As the dynamic operators in our method have not been supported by current deep learning libraries, we propose a latency prediction model to efficiently estimate the real latency of these operators on hardware device. The inputs of the latency prediction model include: 1) the structural configuration of a convolutional block, 2) its activation rate r which decides the computation amount, 3) the spatial granularity S, and 4) the hardware properties mentioned in Table 4. The latency of a dynamic block is predicted as follows.

**Input/output shape definition**. The first step of predicting the latency of an operation is to calculate the shape of input and output. Taking the gather-conv2 operation as an example, the input of this operation is the activation with the shape of  $C_{in} \times H \times W$ , where  $C_{in}$  is the number of input channels, and H and W are the resolution of the feature map. The shape of the output tensor is  $P \times C_{out} \times S \times S$ , where P is the number of output patches,  $C_{out}$  is the number of output channels and S is the spatial granularity. Note that P is obtained based on the output of our maskers.

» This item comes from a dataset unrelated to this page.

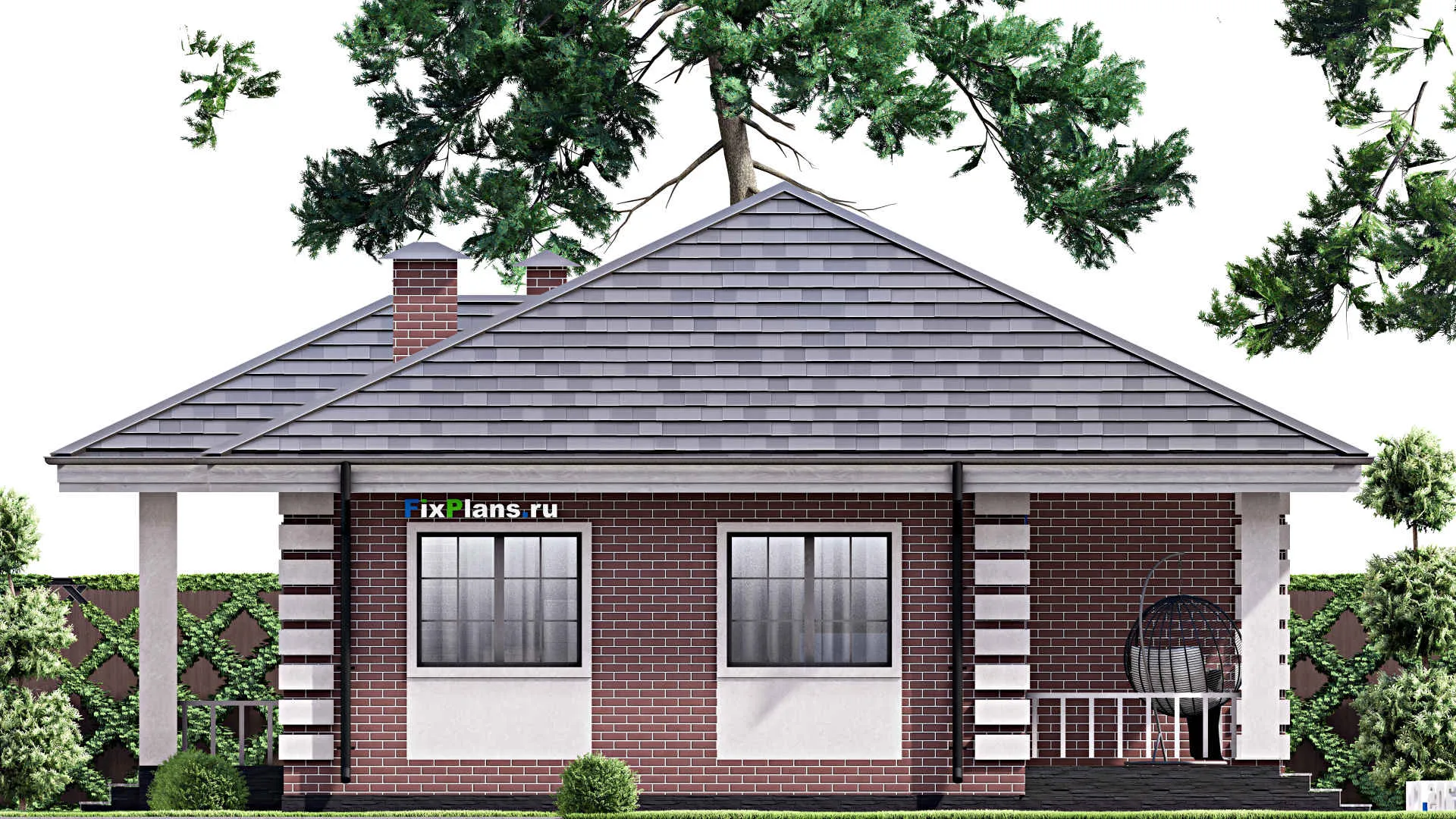 F-12860 - План одноэтажного дома 12 на 13, площадью 110 м² с террасой и 3 спальнями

**Operation-to-hardware mapping.** Next, we map the operations to hardware. As is mentioned in the paper, we model a hardware device as multiple processing engines (PEs). We assign the computation of each element in the output feature map to a PE. Specifically, we consecutively split the output feature map into multiple *tiles*. The shape of each tile is  $T_P \times T_C \times T_{S1} \times T_{S2}$ . These split tiles are assigned to multiple PEs. The computation of the elements in each tile is executed in a PE. We can configure different shapes of tiles. In order to determine the optimal shape of the tile, we make a search space of different tile shapes. The tile shape has 4 dimensions. The candidates of each dimension are power-of-2 and do not exceed the corresponding dimension of the feature map.

**Latency estimation.** Then, we evaluate the latency of each tile shape in the search space and select the optimal tile shape with the lowest latency. The latency includes the *data movement* latency and the *computation* latency:  $\ell = \ell_{data} + \ell_{computation}$ .

1) Data movement latency  $\ell_{data}$ . The estimation of the latency for data movement requires us to model the memory system of a hardware device. We model the memory system of hardware as a three-level architecture [12]: off-chip memory, on-chip global memory, and local memory in PE. The input data and weight data are first transferred from the off-chip memory to the on-chip global memory. We assume the hardware can make full use of the off-chip memory bandwidth to simplify the latency prediction model.

After that, the data used to compute the output tiles is transferred from on-chip global memory to the local memory of each PE. The latency of data movement to local memory is estimated by its *bandwidth* and *efficiency*. We assume each PE only moves the corresponding input feature maps and weights once to compute a output tile so as to simplify the prediction model. The input data movement latency  $\ell_{in}$  is calculated by adding the time from off-chip memory to on-chip global memory and the time from on-chip global memory to local-memory together:  $\ell_{in} = \ell_{off2on} + \ell_{global2local}$ . Contrary to the input data, the output data  $\ell_{out}$  are moved from local memory to on-chip global memory and then to off-chip memory:  $\ell_{out} = \ell_{local2global} + \ell_{on2off}$ . We calculate the total data movement latency by adding the input and output data movement latency together:  $\ell_{data} = \ell_{in} + \ell_{out}$ .

The latency of data movement is affected by the granularity S: when the granularity S is small, the same input data has a higher probability of being sent to multiple PEs to compute different output patches, which significantly increases the number of on-chip memory movement. And due to the small amount of data transmitted each time and the data is randomly distributed, the efficiency of data movement will be low. This accounts for our experiment results in the paper that a larger S will effectively improve the practical efficiency.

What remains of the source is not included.